Fork on a plate with a Caesar salad.

Though most people buy Caesar salad dressing in a bottle, homemade is incredibly easy to make and tastes so much better than store-bought. There are many variations, but this rich and creamy version is the one my whole family loves. It’s not too garlicky and not too fishy – it’s just right. Unlike authentic Caesar dressings which are made with olive oil and thickened with raw eggs, this one has a mayonnaise base, which means you don’t have to worry if you’re squeamish about raw eggs. My kids love this dressing so much that they’ve learned to make it themselves.
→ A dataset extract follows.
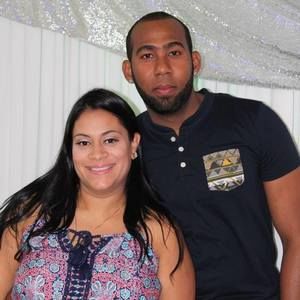 Meet your Posher, Yarlyn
They don’t even wait for me to make a salad; while I cook dinner, they sit at the kitchen table with a big heart of romaine and dip the leaves in.
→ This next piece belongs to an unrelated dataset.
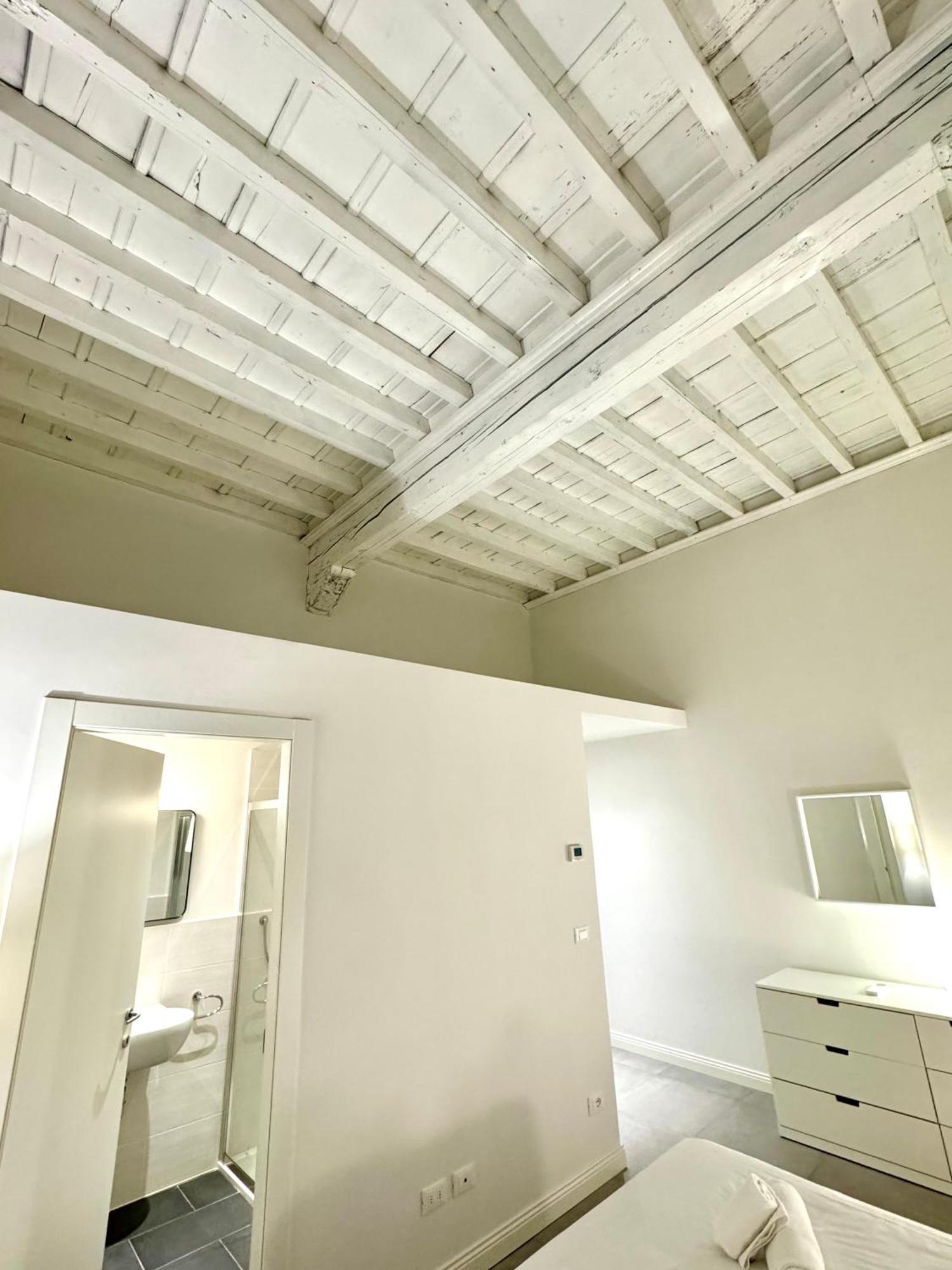 Duomo Flats Apartment Florence Exterior photo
This recipe is part of my classic salad dressing collection, which includes go-to recipes for oil and vinegar based dressings, like vinaigrette and balsamic vinaigrette, as well as creamy dressings, such as buttermilk ranch dressing and blue cheese dressing, which are typically made with mayonnaise and dairy products.

What You’ll Need To Make Caesar Salad Dressing

how to make caesar salad

Instead of whole anchovies, I use anchovy paste — makes it easy, especially if you’re squeamish about anchovies (just hold your nose and add it in; the dressing needs every last bit to taste like the real deal!)

For the cheese, it’s important to use imported Parmigiano-Reggiano from Italy; domestic Parmesan pales in comparison. You can always tell if it’s authentic by looking at the rind, which is embossed with the name over and over. If the cheese is already grated, it should be labeled “Parmigiano-Reggiano,” not “Parmesan.”

Step-by-Step Instructions

Begin by whisking together the garlic, anchovy paste, lemon juice, Dijon mustard, and Worcestershire sauce.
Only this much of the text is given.